Classify a set of observations into k clusters using the k-means algorithm.

The algorithm attempts to minimize the Euclidian distance between observations and centroids. Several initialization methods are included.

Parameters:

data : ndarray

A ‘M’ by ‘N’ array of ‘M’ observations in ‘N’ dimensions or a length ‘M’ array of ‘M’ one-dimensional observations.

k : int or ndarray

The number of clusters to form as well as the number of centroids to generate. If minit initialization string is ‘matrix’, or if a ndarray is given instead, it is interpreted as initial cluster to use instead.

iter : int

Number of iterations of the k-means algrithm to run. Note that this differs in meaning from the iters parameter to the kmeans function.

thresh : float

(not used yet)

minit : string

Method for initialization. Available methods are ‘random’, ‘points’, ‘uniform’, and ‘matrix’:

‘random’: generate k centroids from a Gaussian with mean and variance estimated from the data.

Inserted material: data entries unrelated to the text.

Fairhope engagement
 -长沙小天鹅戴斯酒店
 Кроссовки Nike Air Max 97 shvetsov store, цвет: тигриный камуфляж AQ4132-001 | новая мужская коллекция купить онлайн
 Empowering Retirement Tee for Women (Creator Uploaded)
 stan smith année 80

‘points’: choose k observations (rows) at random from data for the initial centroids.

‘uniform’: generate k observations from the data from a uniform distribution defined by the data set (unsupported).

‘matrix’: interpret the k parameter as a k by M (or length k array for one-dimensional data) array of initial centroids.

Returns:

centroid : ndarray

A ‘k’ by ‘N’ array of centroids found at the last iteration of k-means.

label : ndarray

label[i] is the code or index of the centroid the i’th observation is closest to.